Contrairement à trop de nos séries sur le web, Fourchette n’essaie pas d’en faire trop pour compenser la durée plus courte des épisodes, au contraire. Les dialogues sont aérés, posés, et la narration de l’auteure, qui tient aussi le rôle-titre avec un panache surprenant, s’invite comme on tourne les pages d’un journal intime feuilleté furtivement sans avoir au préalablement reçu la permission. Dans une forme narrative classique, on revisite cette histoire d’amour toxique dans le désordre pour mieux la sentir s’infiltrer dans notre subconscient au fur et à mesure que les anecdotes s’accumulent.

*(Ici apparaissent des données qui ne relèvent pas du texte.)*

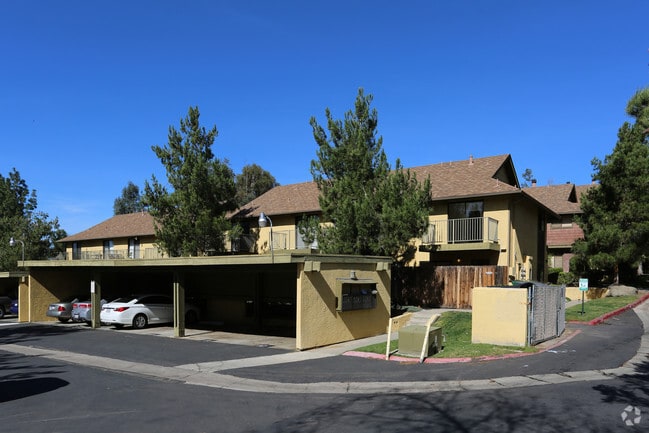 Primary Photo - Ridge Crest Condominiums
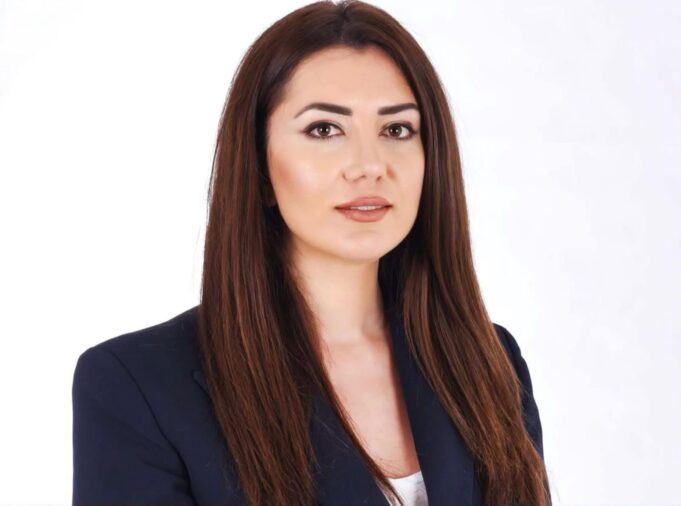 Terhiqet nga gara Elisabeta Rredhi/ Kontestohet lista e mbyllur e kandidateve te qarkut Fier nga PD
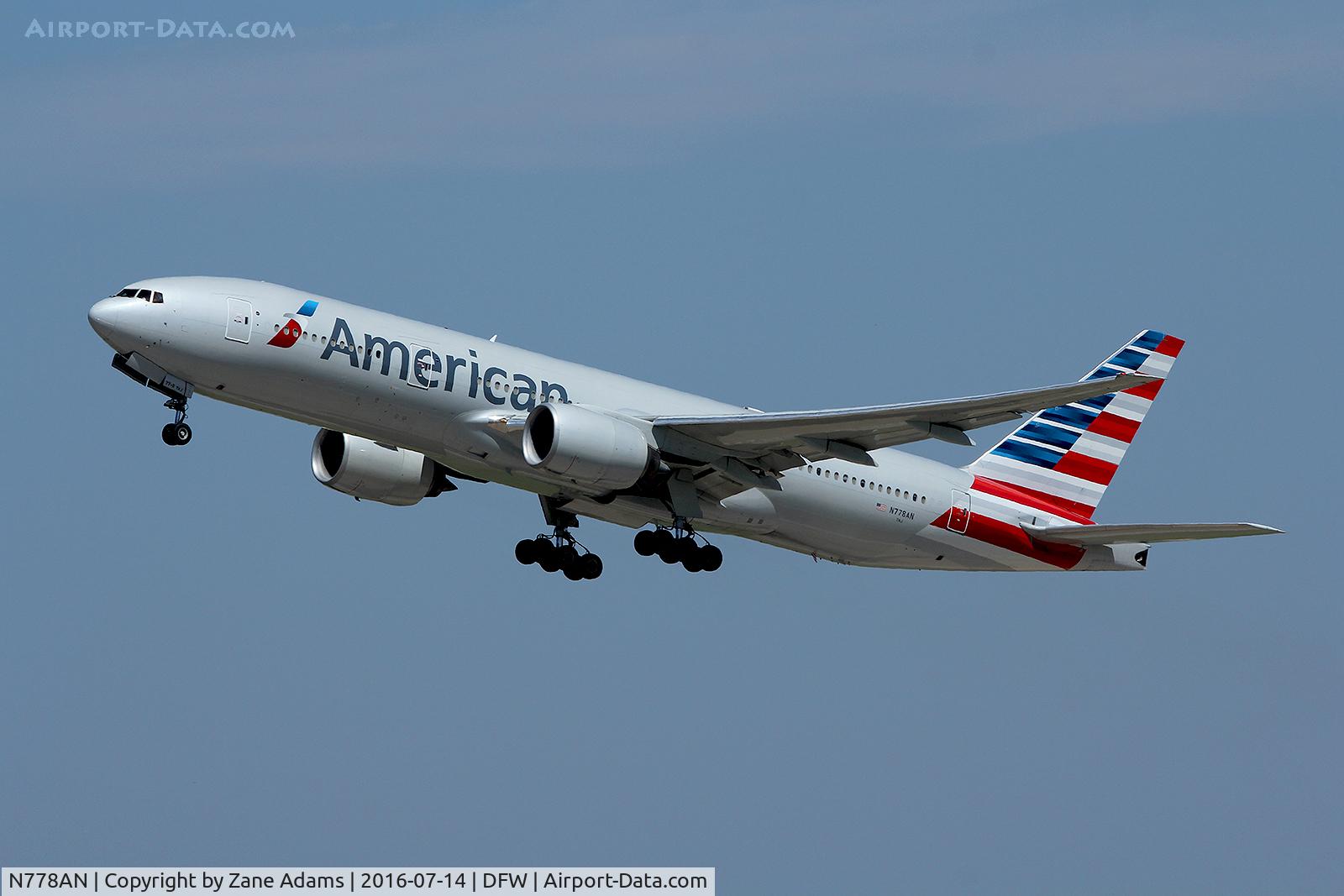 N778AN, 1999 Boeing 777-223 C/N 29587, Departing DFW Airport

Les moments tendres de la série, cette mise en scène d’une histoire d’amour banale même si elle prend toute la place de la vie de l’auteure, c’est toutes nos histoires d’amour. Nous sommes le centre de notre univers quand les murs d’une maison timidement bâtie à coup de baisers et de caresses s’écroulent autour de nous.
Beauchesne, en se plaçant dans le centre du cadre de presque toutes les scènes, annonce sans gêne qu’il s’agit ici de son projet, ses mots, son autofiction. C’est assumé en bombant le torse, même si elle aime pointer de ses doigts filiformes les défauts qu’elle perçoit sur sa silhouette. L’intérêt du projet réside dans cette expression assumée, une rareté en fiction dans ce format où trop souvent on se cache derrière des situations loufoques, des exercices de style trop lourd ou des dialogues hypernerveux, limite étourdissants. On se rapproche plus de la forme romanesque à la première personne qui se prête merveilleusement bien aux propos de Beauchesne.
Fourchette nous donne l’impression de regarder la vie de Sarah-Maude Beauchesne comme si on se perchait à sa fenêtre de chambre. C’est, pour la génération Instagram, l’ultime mise à nu. Imaginez un selfie pour récolter des likes, mais dans des circonstances inaccessibles à la moyenne des ours.
J’ai beaucoup aimé cette incursion dans les angoisses et les préoccupations d’une jeune femme aux ambitions aussi débordantes que ses sentiments. On peut, sans souligner avec de gros traits, parler de sexualité, d’amour, d’amitié et de carrière sans tomber dans la bête caricature. Ça fait du bien à l’âme, même si ça vient s’alimenter à même des angoisses relativement universelles – c’est-à-dire aimer et être aimé.